■ What you are asked to do ■
Within the listing, how many lines include "from"? Please answer with a bare number.

■ Task inputs ■
******
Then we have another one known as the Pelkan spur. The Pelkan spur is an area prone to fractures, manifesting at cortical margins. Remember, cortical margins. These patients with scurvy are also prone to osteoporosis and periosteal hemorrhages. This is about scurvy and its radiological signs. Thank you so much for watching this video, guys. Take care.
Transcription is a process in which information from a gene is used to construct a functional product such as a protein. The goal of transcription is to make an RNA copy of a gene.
******
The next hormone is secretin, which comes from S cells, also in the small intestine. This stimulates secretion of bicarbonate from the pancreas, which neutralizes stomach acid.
******
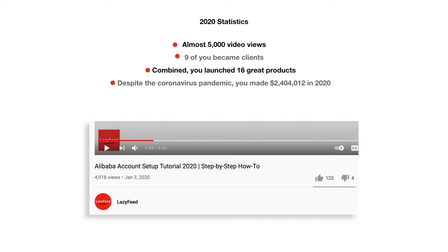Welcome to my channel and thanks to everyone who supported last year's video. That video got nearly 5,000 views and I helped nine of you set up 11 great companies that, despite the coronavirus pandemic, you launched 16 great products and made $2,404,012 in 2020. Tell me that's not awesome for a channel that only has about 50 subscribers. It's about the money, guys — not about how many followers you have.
******
■ Solution ■
2